**Data excerpts**
┄┄┄┄┄┄

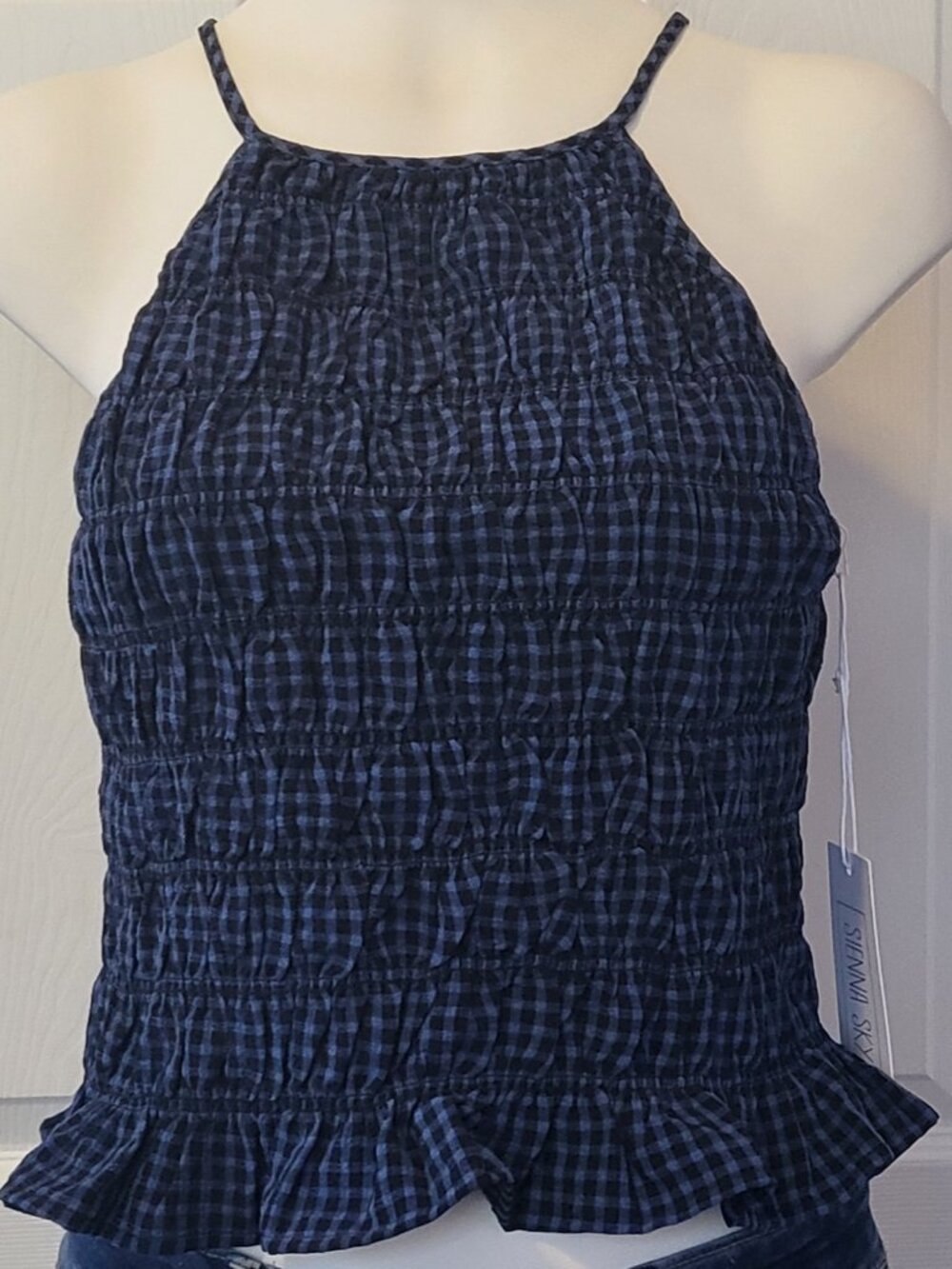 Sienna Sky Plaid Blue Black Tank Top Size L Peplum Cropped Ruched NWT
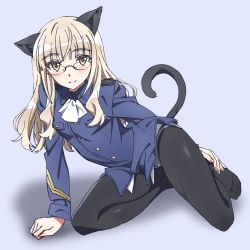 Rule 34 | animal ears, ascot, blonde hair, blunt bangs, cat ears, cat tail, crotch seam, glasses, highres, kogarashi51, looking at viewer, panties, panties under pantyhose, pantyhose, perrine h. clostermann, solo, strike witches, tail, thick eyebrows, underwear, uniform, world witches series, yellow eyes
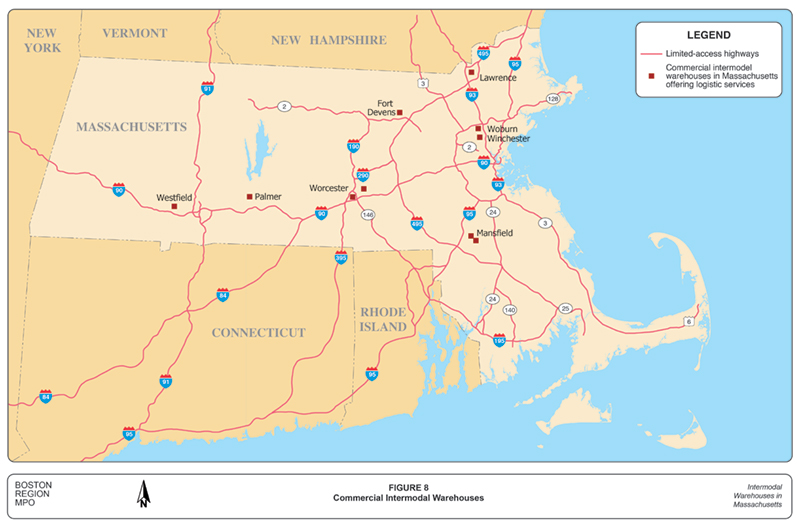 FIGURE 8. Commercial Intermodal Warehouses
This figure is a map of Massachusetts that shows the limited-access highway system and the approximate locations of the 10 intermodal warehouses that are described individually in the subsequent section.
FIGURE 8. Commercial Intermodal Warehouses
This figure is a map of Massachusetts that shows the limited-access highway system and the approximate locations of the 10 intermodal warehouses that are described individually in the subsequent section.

┄┄┄┄┄┄

All of the material above is to be copied exactly, with no pictures.

**Answer to the problem**
 Sienna Sky Plaid Blue Black Tank Top Size L Peplum Cropped Ruched NWT
 Rule 34 | animal ears, ascot, blonde hair, blunt bangs, cat ears, cat tail, crotch seam, glasses, highres, kogarashi51, looking at viewer, panties, panties under pantyhose, pantyhose, perrine h. clostermann, solo, strike witches, tail, thick eyebrows, underwear, uniform, world witches series, yellow eyes
 FIGURE 8. Commercial Intermodal Warehouses
This figure is a map of Massachusetts that shows the limited-access highway system and the approximate locations of the 10 intermodal warehouses that are described individually in the subsequent section.
FIGURE 8. Commercial Intermodal Warehouses
This figure is a map of Massachusetts that shows the limited-access highway system and the approximate locations of the 10 intermodal warehouses that are described individually in the subsequent section.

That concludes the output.